▶ _Try it_
Using the listing below, work out how many lines contain the word "Core", and respond with that number alone.
____ Material supplied
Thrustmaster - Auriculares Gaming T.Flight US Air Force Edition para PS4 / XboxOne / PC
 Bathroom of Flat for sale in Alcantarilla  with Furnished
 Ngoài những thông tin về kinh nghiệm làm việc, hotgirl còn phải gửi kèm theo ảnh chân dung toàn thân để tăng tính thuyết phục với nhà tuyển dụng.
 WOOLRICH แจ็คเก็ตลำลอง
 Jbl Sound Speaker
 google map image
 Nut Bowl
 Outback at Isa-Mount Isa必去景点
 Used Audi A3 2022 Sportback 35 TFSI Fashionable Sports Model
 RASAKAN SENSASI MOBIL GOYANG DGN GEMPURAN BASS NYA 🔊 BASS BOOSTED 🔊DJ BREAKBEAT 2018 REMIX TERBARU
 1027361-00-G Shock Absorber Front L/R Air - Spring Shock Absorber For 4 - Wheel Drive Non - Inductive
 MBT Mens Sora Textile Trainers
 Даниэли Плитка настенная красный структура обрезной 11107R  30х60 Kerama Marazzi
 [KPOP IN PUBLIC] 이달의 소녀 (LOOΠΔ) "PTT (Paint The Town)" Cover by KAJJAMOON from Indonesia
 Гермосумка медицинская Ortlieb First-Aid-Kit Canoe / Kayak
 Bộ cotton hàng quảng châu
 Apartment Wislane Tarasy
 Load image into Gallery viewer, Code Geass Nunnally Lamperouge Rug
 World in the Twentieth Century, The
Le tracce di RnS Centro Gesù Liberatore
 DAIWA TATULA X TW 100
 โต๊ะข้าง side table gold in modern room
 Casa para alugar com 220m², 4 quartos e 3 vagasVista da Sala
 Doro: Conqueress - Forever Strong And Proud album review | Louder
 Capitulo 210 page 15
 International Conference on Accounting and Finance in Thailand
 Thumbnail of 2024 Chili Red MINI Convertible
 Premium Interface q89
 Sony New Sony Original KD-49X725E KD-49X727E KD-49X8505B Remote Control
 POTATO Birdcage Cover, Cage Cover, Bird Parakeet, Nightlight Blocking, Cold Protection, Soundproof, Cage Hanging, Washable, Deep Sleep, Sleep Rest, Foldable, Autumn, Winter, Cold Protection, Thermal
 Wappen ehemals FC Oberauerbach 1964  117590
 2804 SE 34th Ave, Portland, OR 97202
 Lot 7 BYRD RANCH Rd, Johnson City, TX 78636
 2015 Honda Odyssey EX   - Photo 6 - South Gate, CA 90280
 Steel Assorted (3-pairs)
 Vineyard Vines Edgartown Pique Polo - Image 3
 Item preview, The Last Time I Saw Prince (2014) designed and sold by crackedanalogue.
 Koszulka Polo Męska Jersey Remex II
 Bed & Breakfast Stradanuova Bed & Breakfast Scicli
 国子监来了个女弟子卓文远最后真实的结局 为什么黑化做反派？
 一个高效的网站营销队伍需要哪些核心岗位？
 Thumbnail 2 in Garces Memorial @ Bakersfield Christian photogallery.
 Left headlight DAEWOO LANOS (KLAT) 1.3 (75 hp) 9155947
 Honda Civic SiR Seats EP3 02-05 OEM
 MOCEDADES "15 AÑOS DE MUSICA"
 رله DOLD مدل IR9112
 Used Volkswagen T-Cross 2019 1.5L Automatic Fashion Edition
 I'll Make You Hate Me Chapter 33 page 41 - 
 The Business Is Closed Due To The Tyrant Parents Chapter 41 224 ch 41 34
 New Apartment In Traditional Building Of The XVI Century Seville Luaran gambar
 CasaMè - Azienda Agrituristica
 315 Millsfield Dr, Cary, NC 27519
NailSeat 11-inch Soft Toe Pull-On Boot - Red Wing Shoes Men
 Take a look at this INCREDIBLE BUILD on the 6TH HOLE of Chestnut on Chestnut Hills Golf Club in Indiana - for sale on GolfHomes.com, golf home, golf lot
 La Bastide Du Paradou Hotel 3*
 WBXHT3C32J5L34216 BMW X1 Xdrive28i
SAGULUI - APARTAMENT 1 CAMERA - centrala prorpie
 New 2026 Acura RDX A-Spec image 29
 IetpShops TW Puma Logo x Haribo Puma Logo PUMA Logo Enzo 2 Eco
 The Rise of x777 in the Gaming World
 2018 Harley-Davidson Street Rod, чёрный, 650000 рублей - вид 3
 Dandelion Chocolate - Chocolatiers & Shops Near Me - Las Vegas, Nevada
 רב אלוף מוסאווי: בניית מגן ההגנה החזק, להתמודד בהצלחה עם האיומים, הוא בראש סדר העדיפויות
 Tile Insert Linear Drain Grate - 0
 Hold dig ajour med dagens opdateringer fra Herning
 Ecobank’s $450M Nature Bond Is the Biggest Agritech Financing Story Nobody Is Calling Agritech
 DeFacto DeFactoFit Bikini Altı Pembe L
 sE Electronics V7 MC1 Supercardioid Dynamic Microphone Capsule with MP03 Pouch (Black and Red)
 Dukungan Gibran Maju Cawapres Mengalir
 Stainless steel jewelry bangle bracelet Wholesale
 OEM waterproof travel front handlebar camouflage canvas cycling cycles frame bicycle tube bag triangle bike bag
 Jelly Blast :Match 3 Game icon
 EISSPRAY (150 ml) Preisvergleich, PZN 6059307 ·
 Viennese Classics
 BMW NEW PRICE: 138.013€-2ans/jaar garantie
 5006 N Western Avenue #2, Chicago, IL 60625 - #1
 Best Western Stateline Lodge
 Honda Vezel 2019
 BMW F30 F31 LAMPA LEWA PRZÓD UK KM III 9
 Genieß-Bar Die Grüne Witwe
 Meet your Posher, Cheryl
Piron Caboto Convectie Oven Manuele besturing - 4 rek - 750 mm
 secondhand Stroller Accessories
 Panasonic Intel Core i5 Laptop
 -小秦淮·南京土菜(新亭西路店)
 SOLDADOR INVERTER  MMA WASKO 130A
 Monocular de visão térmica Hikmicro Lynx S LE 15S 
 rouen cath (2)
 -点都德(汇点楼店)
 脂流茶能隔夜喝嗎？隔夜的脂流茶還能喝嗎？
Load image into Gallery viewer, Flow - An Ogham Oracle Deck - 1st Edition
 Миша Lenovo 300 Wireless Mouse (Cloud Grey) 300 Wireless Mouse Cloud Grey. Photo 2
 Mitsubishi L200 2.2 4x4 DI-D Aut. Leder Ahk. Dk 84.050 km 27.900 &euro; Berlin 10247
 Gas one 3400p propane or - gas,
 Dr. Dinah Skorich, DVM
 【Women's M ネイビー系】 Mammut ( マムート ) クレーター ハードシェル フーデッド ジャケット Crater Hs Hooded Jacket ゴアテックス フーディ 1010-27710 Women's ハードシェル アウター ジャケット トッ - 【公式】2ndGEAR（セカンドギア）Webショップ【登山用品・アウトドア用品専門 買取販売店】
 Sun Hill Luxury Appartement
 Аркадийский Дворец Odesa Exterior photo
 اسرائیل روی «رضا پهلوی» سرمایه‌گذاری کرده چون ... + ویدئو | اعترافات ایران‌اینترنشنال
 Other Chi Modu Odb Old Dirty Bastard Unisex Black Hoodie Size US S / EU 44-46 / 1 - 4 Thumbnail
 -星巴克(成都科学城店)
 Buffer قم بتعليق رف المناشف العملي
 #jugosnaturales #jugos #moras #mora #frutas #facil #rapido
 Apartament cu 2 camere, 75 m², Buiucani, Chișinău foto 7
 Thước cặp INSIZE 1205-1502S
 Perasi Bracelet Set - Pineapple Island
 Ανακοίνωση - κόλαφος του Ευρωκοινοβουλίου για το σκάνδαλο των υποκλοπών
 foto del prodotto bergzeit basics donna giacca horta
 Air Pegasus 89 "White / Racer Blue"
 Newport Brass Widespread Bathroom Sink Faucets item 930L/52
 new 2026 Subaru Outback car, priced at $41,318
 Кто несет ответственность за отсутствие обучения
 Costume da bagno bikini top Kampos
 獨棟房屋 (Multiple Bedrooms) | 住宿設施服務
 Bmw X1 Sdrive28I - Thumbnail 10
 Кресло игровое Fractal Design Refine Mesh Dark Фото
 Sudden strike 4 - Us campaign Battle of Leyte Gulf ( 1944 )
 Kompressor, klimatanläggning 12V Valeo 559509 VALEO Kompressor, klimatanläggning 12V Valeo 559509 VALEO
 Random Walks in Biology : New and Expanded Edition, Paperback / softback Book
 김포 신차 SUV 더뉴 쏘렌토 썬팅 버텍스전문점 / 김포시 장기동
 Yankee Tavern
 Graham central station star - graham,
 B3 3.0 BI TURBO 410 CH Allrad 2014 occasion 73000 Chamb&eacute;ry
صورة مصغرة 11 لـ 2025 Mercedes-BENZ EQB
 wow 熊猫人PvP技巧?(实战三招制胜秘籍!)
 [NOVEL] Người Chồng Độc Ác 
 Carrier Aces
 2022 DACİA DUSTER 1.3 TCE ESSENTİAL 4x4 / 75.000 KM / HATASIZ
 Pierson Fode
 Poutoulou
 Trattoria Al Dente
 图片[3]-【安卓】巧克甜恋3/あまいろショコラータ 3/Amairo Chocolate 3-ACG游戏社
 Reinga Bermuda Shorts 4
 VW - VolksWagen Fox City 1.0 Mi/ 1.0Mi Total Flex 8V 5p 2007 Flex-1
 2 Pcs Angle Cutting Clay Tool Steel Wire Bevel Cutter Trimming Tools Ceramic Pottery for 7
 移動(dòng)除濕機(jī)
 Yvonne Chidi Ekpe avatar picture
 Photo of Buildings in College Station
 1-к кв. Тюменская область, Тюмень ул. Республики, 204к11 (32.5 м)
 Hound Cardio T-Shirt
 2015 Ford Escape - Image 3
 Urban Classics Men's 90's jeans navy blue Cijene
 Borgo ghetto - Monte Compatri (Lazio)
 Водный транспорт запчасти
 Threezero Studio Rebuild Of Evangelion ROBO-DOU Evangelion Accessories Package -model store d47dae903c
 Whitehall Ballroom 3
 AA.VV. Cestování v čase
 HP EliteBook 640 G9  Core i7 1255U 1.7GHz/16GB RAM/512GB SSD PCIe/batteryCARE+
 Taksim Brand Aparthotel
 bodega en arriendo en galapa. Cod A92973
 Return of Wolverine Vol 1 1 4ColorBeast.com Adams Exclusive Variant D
________
▶ _Response below_
2